I’m trying to implement batch normalization in pytorch and apply it into VGG16 network. Here’s my batchnorm below.
class BatchNorm(nn.Module):
def __init__(self, input, mode, momentum=0.9, epsilon=1e-05):
'''
input: assume 4D input (mini_batch_size, # channel, w, h)

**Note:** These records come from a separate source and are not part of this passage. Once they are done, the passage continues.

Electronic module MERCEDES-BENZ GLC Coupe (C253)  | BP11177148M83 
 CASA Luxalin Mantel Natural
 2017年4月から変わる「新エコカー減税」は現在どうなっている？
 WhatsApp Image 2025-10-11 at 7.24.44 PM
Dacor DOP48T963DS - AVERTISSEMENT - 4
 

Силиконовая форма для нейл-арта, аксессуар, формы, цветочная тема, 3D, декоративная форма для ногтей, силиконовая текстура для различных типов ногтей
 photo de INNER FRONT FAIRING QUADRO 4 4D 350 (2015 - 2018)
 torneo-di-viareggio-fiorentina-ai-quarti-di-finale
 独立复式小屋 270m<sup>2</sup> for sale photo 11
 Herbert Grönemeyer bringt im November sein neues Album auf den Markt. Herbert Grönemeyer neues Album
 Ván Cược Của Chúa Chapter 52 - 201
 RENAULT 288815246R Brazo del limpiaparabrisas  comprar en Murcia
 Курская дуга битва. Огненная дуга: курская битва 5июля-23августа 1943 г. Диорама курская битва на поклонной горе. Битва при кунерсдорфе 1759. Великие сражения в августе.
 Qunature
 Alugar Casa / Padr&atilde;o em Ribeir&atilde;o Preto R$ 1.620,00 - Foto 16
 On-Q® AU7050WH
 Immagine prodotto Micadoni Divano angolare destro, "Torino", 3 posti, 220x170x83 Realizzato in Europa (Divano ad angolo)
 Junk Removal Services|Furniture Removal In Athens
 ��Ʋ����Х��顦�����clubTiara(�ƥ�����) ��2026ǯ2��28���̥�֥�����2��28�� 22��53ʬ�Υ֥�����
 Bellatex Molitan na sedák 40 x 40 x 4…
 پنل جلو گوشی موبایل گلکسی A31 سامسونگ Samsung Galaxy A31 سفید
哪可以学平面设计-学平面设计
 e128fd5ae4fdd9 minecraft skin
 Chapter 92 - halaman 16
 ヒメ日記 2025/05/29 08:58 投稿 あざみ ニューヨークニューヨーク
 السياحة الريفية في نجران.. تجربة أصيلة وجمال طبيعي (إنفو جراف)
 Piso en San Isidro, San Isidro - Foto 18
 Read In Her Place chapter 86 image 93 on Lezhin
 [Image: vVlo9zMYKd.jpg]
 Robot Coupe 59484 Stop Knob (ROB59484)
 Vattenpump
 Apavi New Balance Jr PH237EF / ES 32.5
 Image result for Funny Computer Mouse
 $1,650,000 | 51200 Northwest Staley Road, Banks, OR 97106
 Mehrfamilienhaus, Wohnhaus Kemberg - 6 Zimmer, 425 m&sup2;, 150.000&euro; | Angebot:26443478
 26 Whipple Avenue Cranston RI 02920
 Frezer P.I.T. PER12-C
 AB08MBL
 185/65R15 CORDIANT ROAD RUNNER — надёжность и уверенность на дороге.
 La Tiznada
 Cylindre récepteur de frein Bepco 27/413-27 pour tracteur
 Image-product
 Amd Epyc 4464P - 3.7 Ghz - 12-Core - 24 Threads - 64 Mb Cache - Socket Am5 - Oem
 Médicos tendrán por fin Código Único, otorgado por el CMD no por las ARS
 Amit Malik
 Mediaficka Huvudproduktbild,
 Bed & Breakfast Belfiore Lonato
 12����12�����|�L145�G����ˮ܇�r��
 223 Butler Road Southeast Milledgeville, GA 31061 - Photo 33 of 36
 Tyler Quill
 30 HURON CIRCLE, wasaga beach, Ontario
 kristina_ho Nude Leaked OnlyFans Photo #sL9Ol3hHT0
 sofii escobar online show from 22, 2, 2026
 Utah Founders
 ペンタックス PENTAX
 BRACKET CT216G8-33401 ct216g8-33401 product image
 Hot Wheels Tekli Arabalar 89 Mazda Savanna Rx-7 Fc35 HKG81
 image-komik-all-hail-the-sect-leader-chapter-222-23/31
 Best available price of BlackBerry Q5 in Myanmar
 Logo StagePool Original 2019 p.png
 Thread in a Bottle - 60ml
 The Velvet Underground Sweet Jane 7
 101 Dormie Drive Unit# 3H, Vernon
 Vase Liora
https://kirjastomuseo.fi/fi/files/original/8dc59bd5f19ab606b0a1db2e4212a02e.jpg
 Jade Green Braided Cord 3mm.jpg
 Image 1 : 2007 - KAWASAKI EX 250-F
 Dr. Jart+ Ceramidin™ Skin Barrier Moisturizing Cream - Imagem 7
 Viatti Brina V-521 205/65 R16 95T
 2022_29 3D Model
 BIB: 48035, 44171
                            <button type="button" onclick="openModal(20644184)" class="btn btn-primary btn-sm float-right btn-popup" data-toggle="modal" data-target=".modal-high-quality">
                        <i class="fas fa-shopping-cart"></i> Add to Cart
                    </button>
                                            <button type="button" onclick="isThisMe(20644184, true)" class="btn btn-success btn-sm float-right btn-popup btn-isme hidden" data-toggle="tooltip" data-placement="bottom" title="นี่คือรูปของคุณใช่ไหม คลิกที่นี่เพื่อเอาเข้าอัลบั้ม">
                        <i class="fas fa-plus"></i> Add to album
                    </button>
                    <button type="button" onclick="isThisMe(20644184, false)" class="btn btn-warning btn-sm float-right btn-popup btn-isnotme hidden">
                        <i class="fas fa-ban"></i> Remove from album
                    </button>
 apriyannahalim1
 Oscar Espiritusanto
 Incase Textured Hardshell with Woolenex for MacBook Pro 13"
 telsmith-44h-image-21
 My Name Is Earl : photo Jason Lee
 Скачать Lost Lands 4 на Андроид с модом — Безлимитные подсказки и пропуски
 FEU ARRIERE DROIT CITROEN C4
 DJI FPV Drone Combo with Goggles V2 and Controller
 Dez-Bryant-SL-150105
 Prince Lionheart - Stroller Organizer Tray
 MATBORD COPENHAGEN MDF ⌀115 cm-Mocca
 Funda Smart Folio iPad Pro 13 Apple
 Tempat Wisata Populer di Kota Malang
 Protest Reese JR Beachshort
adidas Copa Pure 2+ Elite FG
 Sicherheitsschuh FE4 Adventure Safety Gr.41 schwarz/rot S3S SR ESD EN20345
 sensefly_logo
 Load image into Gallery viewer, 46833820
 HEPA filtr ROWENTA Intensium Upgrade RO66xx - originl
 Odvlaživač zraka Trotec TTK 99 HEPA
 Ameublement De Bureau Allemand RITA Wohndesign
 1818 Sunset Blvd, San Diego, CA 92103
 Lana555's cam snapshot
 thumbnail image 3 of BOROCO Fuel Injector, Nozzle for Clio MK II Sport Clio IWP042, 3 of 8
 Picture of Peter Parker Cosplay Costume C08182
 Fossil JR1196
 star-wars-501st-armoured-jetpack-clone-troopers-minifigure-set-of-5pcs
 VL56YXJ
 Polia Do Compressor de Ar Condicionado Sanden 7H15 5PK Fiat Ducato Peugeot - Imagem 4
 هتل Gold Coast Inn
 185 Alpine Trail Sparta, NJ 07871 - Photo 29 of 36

momentum: momentum for exponential average
'''
super(BatchNorm, self).__init__()
#self.run_mode = run_mode
#self.input_shape = input.shape
self.device = torch.device("cuda" if torch.cuda.is_available() else "cpu")
self.momentum = momentum
self.run_mode = 0 # 0: training, 1: testing
self.insize = input
self.epsilon = epsilon
# initialize weight(gamma), bias(beta), running mean and variance
U = uniform.Uniform(torch.tensor([0.0]), torch.tensor([1.0]))
self.weight = nn.Parameter(U.sample(torch.Size([self.insize])).view(self.insize)) ## TODO
self.bias = nn.Parameter(torch.zeros(self.insize)) ## TODO
self.running_mean = torch.zeros(self.insize)
self.running_var = torch.ones(self.insize)
# def set_runmode(self, run_mode):
# self.run_mode = run_mode
def forward(self, input, mode):
if mode == 0:
mean = input.mean([0,2,3]) # along channel axis
var = input.var([0,2,3])
# update running mean and var
running_mean_current = self.momentum * self.running_mean
running_mean_current = running_mean_current.to(self.device)
self.running_mean = running_mean_current + (1.0-self.momentum) * mean
running_var_current = self.momentum * self.running_var
running_var_current = running_var_current.to(self.device)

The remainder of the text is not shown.